## TASK ITEM
Exactly the lines from the one containing "Photo 1 of 2" through the final line of the data below, with pictures omitted, make up the answer.

## SUPPLIED INFORMATION
——

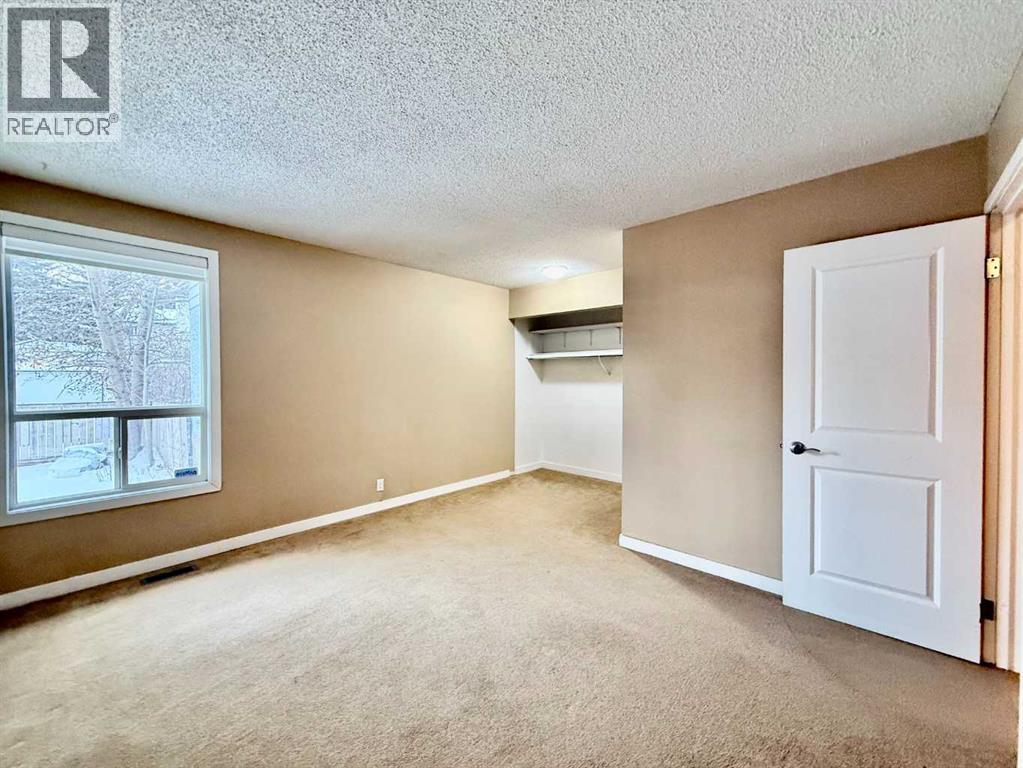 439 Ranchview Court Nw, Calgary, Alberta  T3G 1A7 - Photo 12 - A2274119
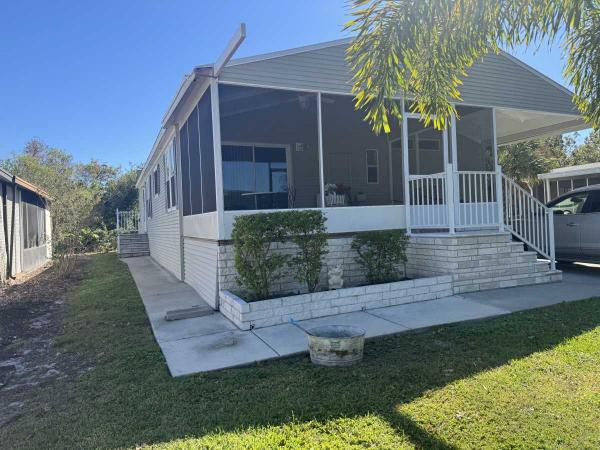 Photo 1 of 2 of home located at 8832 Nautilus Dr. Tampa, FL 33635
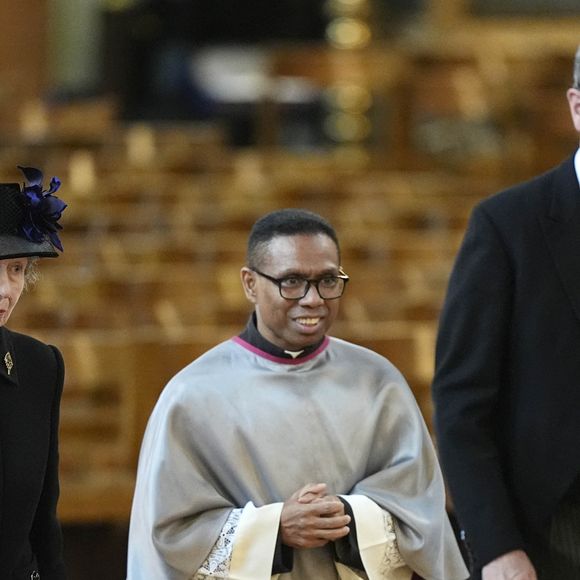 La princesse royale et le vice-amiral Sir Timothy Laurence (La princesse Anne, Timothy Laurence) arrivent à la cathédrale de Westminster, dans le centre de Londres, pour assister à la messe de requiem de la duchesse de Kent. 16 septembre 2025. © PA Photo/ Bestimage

——

## COMPLETED EXERCISE
 Photo 1 of 2 of home located at 8832 Nautilus Dr. Tampa, FL 33635
 La princesse royale et le vice-amiral Sir Timothy Laurence (La princesse Anne, Timothy Laurence) arrivent à la cathédrale de Westminster, dans le centre de Londres, pour assister à la messe de requiem de la duchesse de Kent. 16 septembre 2025. © PA Photo/ Bestimage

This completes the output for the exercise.